I silently wondered what my friends were up to. They were probably listening to crazy dance music while being loud and obnoxious. I imagined they were all experiencing one of those wonderful moments where teenagers feel both completely young and completely mature simultaneously. Like toddlers in playhouses they were indulging in the fantasies of adulthood without actually experiencing any of the drawbacks. I however, was stuck in a minivan staring at the backs of my parents’ heads. I had plenty of reminders that the tuxedo, the nice dinner, and the formalities were all an act. If they were toddlers in playhouses, I was the kid who got a tickle-me-Elmo for his thirteenth birthday.
Dinner was more of the same. The only difference was that now I had friends to distract me from the reality of my situation. I spent most of the meal talking to those around me and was only reminded of my date’s presence when she was directly referenced in their conversation. However the joy of the group did grow on me throughout the meal and at one point Suzie and I did actually begin to join in with the laughter of the crowd. By the end of the meal I was at least finding small victories. I thought back on how my dad had told me to make the best of the situation. I knew he’d be proud.
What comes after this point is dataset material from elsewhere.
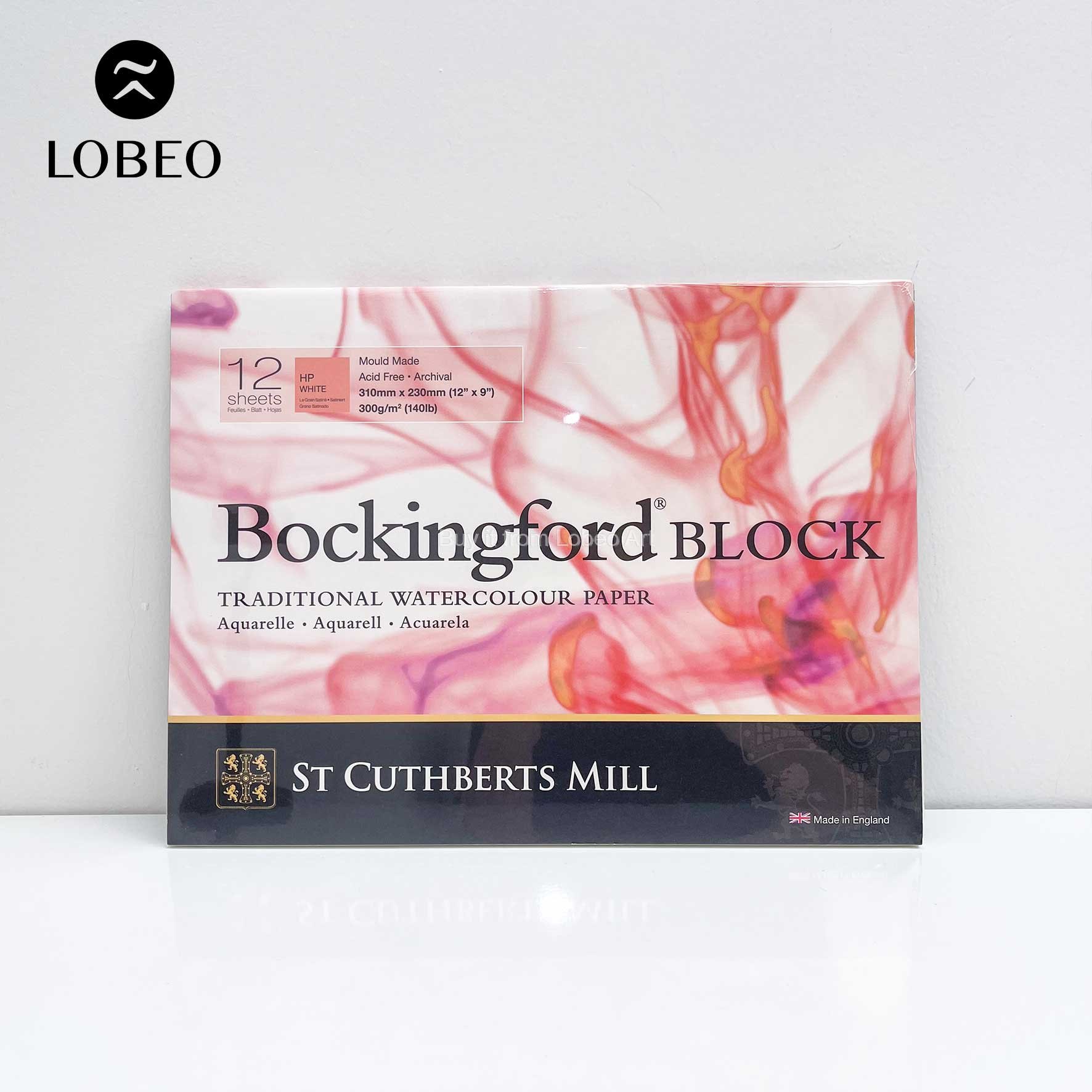 Giấy vẽ màu nước Bockingford 100% cotton 300gsm 12 tờ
But just when I allowed myself to think about the rest of the night as something I might potentially enjoy, dinner ended and I was reminded of the fact that I had to call my parents to get them to come pick us up and take us to the Opryland Hotel. My friends all drove off in the nice cars their parents had let them borrow. Suzie and I stood on the curb. She was in a pink floor length dress and I sported the pink vest that had looked much better in the catalogue. I felt like a joke.
Part V: Strangers
It took all of five minutes for us to separate after we arrived at the actual dance part of the evening. I think I tracked her down once or twice to see how she was doing. By the end of the night we were strangers. She didn’t even go to the after party I’d paid $40 for. I wasn’t angry. In fact, I ended up thoroughly enjoying myself, which had more to do with the fact that the Opryland hotel is my favorite place on earth than my ability to overcome the adversity of my date. Luckily we’d made plans before the evening started for her to leave with her friends and for me to stay with mine and so everything worked out. We walked in awkward and walked out apathetic.
The next day I got a phone call saying she was glad I took her to prom. I imagined her mom sitting in the kitchen watching her make the call. She probably told her it was the right thing to do. That was the last time we ever talked. There are some lessons that have to be learned the hard way. There are also some stories that are so unbelievably funny that it’s impossible to regret the events that transpired. As for this endeavour, my only regret is that I didn’t thank my parents for the ride.